Annette Messager aime les archétypes, les symboles, les images qui font sens, et avec son exposition Comme si, elle joue de la métaphore et de l’analogie en instaurant une constellation sémantique qui s’apparente au surréalisme : dessins, filets où sont accrochés des objets divers, grandes inscriptions tissées, etc… Ce portrait de l’artiste par elle-même dissémine des indices comme dans un portrait chinois, en occupant l’espace muséal de scénographies et d’installations talentueuses.

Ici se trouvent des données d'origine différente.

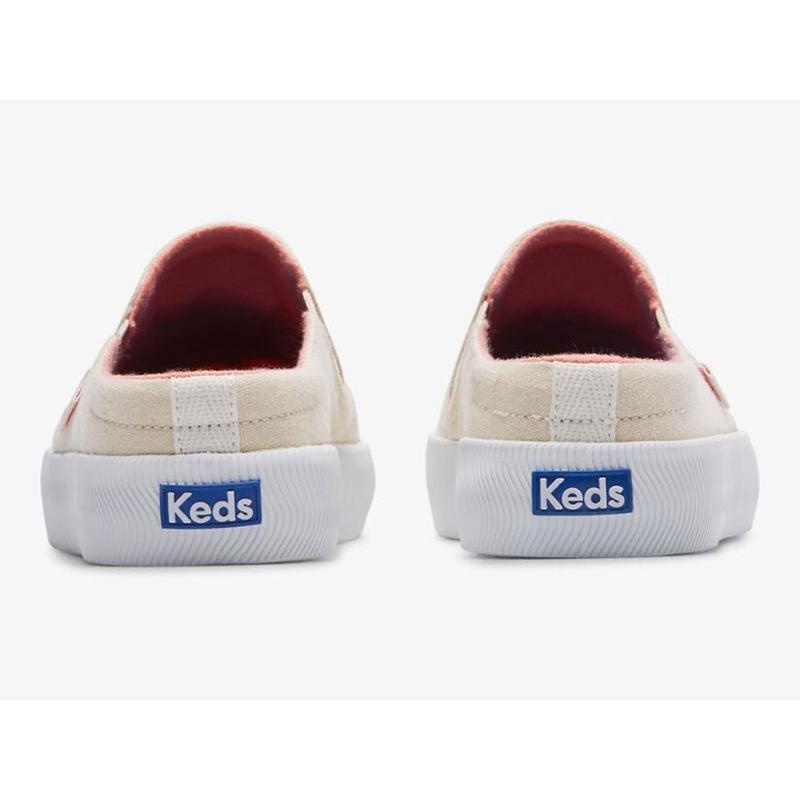 Keds Kickback Cocktails Slip On Naisten Muulit Beige | KOPV43976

Les interventions se succèdent en passant des plus récentes aux plus anciennes avec un fil rouge, au propre comme au figuré, qui tisse cet assemblage de créations en soulignant leur continuité. Des évocations mortuaires récentes, imageries contemporaines à la manière des danses macabres boltanskiennes, s’entrelacent au féminin pluriel avec des images fantaisistes de vagins ailés, d’escargots-seins et autres images érotico-poétiques.

Féminin pluriel

La question de l’identité ne pose pas de problème pour elle en réalité : « on vient de quelque part, on a un sexe, une histoire… ». Mais le féminin dont elle se réclame est pluriel. Il est traversé d’enfance, c’est celui d’une femme-enfant toujours éprise de merveilleux, de la profondeur des contes et des légendes, celle de Pinocchio en particulier. Elle invente des jeux de cache-cache, de marelle, elle dispose de jouets en peluche.
Et les façons de faire des femmes, comme l’art de broder et de coudre s’enracinent dans des pratiques populaires qui relèvent pour elle « d’une grande sophistication (…) en dehors des questions d’ego qui encombrent souvent l’art ». Voir son grand Hommage aux Couturières de 2014.
Elle s’inspire de ces savoirs familiers aux femmes pour produire des formes – telle Marguerite Sirven, l’experte brodeuse et dentellière de l’Art Brut. L’Art Brut est pour l’artiste une référence essentielle, et le fait que son exposition jouxte la section Art Brut du seul musée français qui accueille une importante collection d’Art Brut à partir de la donation de l’Aracine n’est pas pour lui déplaire. La donation de Michel Nedjar et de Markus Eager y est présentée ces jours-ci.
Féminin, l’art de Messager n’est pas un art qui « s’effémine », au sens où il s’amenuiserait, bien au contraire : avec le temps, il se développe et s’impose, il gagne en énergie, il acquiert de la puissance. Elle rebondit sans cesse, elle devient collectionneuse, glaneuse d’objets, elle s’intéresse aux animaux – avec en particulier La Revanche des Animaux (2019-2021) et elle s’invente en géographe expressionniste avec ses cartes de France.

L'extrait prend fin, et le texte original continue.